O alvo principal eram integrantes do PCC, custodiados em uma
área separada das demais, chamada de “Seguro PCC”. Lá, só sobreviveram quatro
dos 26 homens. Três deles conseguiram escapar dos ataques ao deslocar a tampa
de um bueiro, arrastando-se por dutos de escoamento de água e esconderam-se nas
galerias. “Apesar dos rebelados terem perseguidos as vítimas, inclusive jogando
várias bombas nos dutos, não conseguiram concretizar seus intentos assassinos e
as vítimas ficaram escondidas até o fim da rebelião”, narra a denúncia.
Quando os integrantes da FDN partiram para a chamada área de
inclusão, o objetivo era matar presos condenados não filiados a nenhuma facção,
mas condenados por crimes sexuais. “De acordo com informações prestadas pelos
internos sobreviventes dessa área, além da condição vulnerável de todos os
presos que ali estavam, as ‘lideranças’ do Compaj estariam ainda incomodadas
com a presença deles, pois queriam transformar essa área em um ‘motel’ (área
para recebimento de visitas íntimas) exclusiva para os integrantes da facção
FDN”, explicou o promotor Edinaldo Medeiros, que assina a denúncia.

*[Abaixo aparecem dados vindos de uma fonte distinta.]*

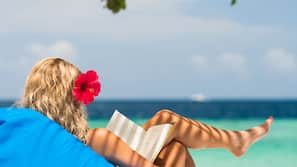 Private beach, white sand, sun-loungers, beach towels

Logo que os presos da área de inclusão notaram o começo da
rebelião naquela tarde, eles decidiram incendiar os colchões de espumas das
suas celas, além de lençois e roupas, “como única forma de tentar impedir o
acesso àquela área”. “De acordo com o relato dos sobreviventes, o referido
incêndio permitiu que alguns internos da inclusão fugissem pela grade
previamente já serrada, localizada na cela 4, como única opção de
sobrevivência”, destaca Medeiros.
Na área de inclusão, dos 42 internos sobreviveram 22, a maioria
por se declararem “irmãos de benção”, integrantes de grupos religiosos dentro
da cadeia. Dois dos sobreviventes relataram à polícia que se esconderam no
telhado para não serem pegos. Outros tentaram se esconder, mas foram
capturados. Cinco detentos contaram que após serem agredidos foram obrigados a
comer olhos humanos. Eles foram mantidos como reféns sob constantes ameaças de
mortes, mas acabaram liberados ao fim da rebelião.
Uma das vítimas se escondeu no forro da enfermaria, “mas foi
capturado e jogado de aproximadamente nove metros de altura, tendo desmaiado na
queda, e quando acordou, foi espancado com golpes de ‘perna-manca’ em seus
testículos, furaram os seus pés, dentre outros tipos de lesão corporal”.
“Depois lhe obrigaram a comer dois olhos humanos. E foi mantido refém até às 6h
do dia seguinte.”
Os 213 presos denunciados nesta sexta responderão a 56 acusações
de homicídio qualificado, seis tentativas de homicídio, 26 casos de tortura e
46 casos de vilipêndio de cadáver. Caso sejam condenados a penas máximas, cada
um poderá pega mais de 2,2 mil anos de reclusão.